Antibody infusions prevent acquisition of some HIV strains, IRP studies find

Results will inform development of long-acting antibody-based HIV prevention tools

An investigational anti-HIV antibody delivered intravenously once every eight weeks safely and effectively prevented acquisition of HIV strains sensitive to that antibody, but did not significantly reduce overall HIV acquisition after 80 weeks among participants in two multinational clinical trials. Known as the Antibody-Mediated Prevention (AMP) Studies, the Phase 2b trials are sponsored and funded by the National Institute of Allergy and Infectious Diseases (NIAID), part of the National Institutes of Health. The studies are being conducted jointly by the HIV Vaccine Trials Network (HVTN) and HIV Prevention Trials Network (HPTN).

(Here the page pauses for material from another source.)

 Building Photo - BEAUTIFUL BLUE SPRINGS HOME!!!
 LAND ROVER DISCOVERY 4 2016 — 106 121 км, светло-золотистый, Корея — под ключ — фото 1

While currently available HIV treatment and prevention tools have greatly reduced transmission of the virus, there remains a need for long-acting HIV prevention strategies that are acceptable and desirable to people from diverse communities worldwide. Broadly neutralizing antibodies (bNAbs), which arise naturally in some people living with HIV and can stop a wide range of HIV strains from infecting human cells in the laboratory, are considered promising candidates for long-acting HIV prevention. These antibodies could be given directly by either infusion or injection or could be elicited by an HIV vaccine.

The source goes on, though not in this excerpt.